12 December 2019, Madrid, Spain - Solomon Islands, stands in solidarity with other Small Islands Developing States, in the climate change negotiations to avert a climate change crisis.
Speaking before the High Level Segment of the Twenty-fifth Conference of the Parties to the UN Framework Convention on Climate Change (UNFCCC COP25), the Permanent Secretary of Solomon Islands Ministry of Environment, Climate Change, Disaster Management and Meteorology, Dr Melchior Mataki told delegates – “We can do better than this!”
Solomon Islands is made up of over 900 islands, six of which are considered the “main islands”. Coastal communities in Solomon Islands are threatened by sea level rise and increasing temperatures endanger the subsistence agriculture production for local people, threatening food security.
Here at the COP25, a key expectation of Solomon Islands is the completion of the Paris Agreement Rule Book.

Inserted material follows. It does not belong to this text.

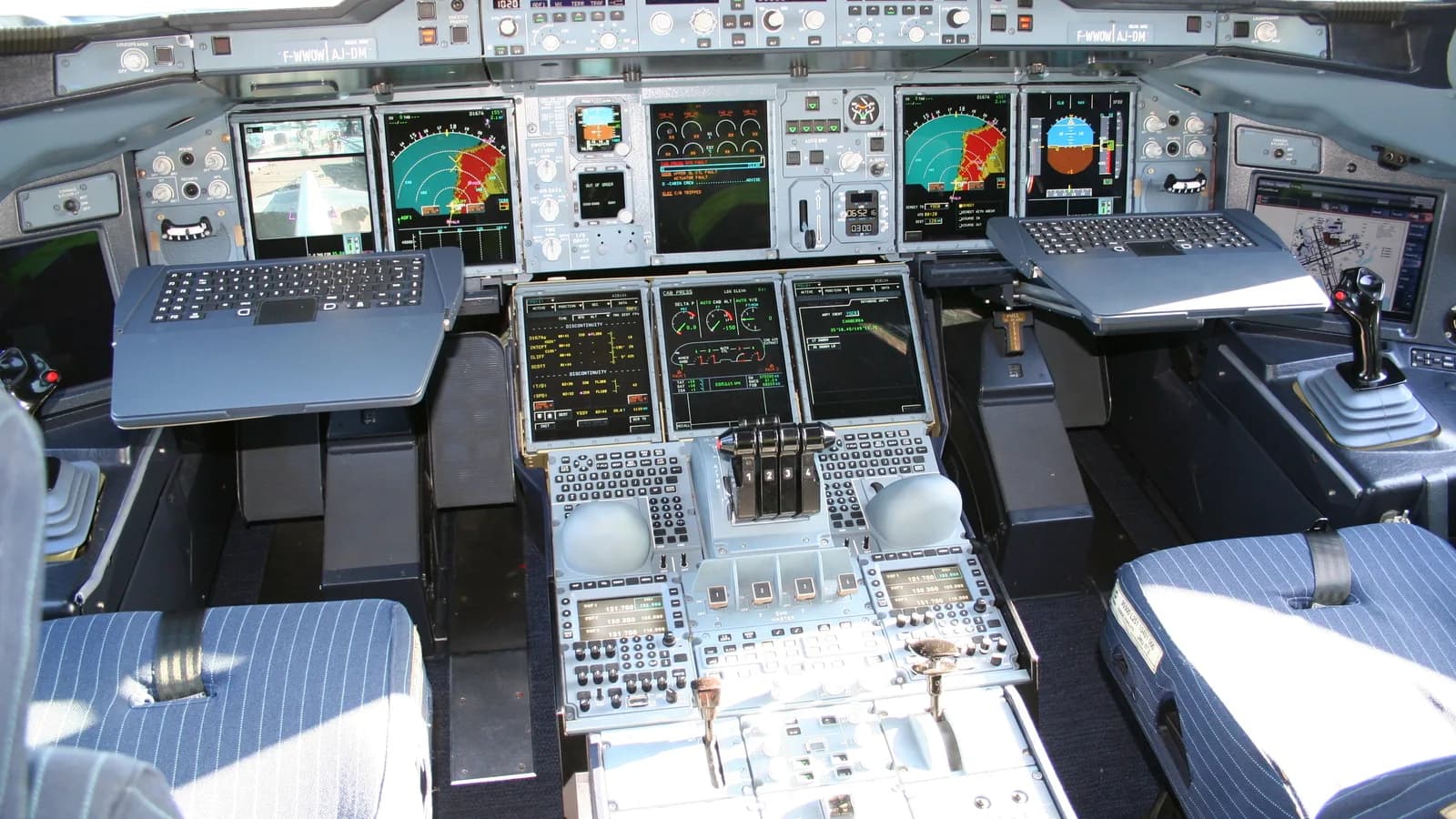 Cabine de comando de um Airbus A380, com painéis e instrumentos de voo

“Article 6 of the Paris Agreement must result in overall increased ambition and action to reduce greenhouse gas emissions. Similarly, global fossil fuel production must be wound down as well. Kyoto Protocol carbon units need not be transitioned to the Paris Agreement market mechanisms,” stated Dr Mataki.
“Five year common time frame for reporting Nationally Determined Contributions should be agreed upon. Robust reporting and accounting rules should be in place to avoid double counting, and the mechanisms must adhere to environmental integrity and result in sustainable development and achievement of the overall goals of the Paris Agreement.”
The impacts of climate change across the planet, includes the submergence of islands in Solomon Islands. Confirmed by the three Intergovernmental Panel on Climate Change Special Reports and the latest Emissions Gap Report by the UN Environment Programme, Solomon Islands calls for all climate change work to be guided by science.
“If we don’t take heed of science which is already clear and definitive, then this multilateral process is unfortunately taking its cue from fake science,” said Dr Mataki.
“There is a limit to adaptation. Hence, Loss and Damage must be addressed with a focus on implementation through technical support and dedicated financial streams through the Green Climate Fund and other funding mechanisms.”
“On the governance of the Warsaw International Mechanism on Loss and Damage, we support that it comes under the mandate of both the Conference of the Parties serving as the Meeting of the Parties to the Paris Agreement, and the COP.”
For Solomon Islands, finance is a key means for putting the Paris Agreement into action. The island nation calls upon the develop country parties to achieve the USD 100 billion goal by 2020, saying the discussion on long term finance must go beyond 2020, and scaled-up financing must ensure a balance between adaptation and mitigation and delivered as grants.
Solomon Islands also calls for the allocation of funding under the Global Environment Facility to increase the climate change focal area and for the co-financing arrangements to be revised to reduce the burden on developing countries.
“Although there is a sense of uncertainty, division and frustration inside these conference halls in these two weeks, let us not forget that beyond the walls of IFEMA, the globe and especially our youths and children are eagerly waiting for us to take decisions and act upon them to save us and safeguard their future,” stated Dr Mataki before delegates at the High Level Segment of COP25.
“Let us put our differences aside and ensure the Paris Agreement Rule Book is finalised without delay.”
The High Level Segment of COP25 was held on 10 to 11 December, 2019. The UNFCCC COP25 is held in the IFEMA venue in Madrid, Spain from 2 – 13 December, 2019.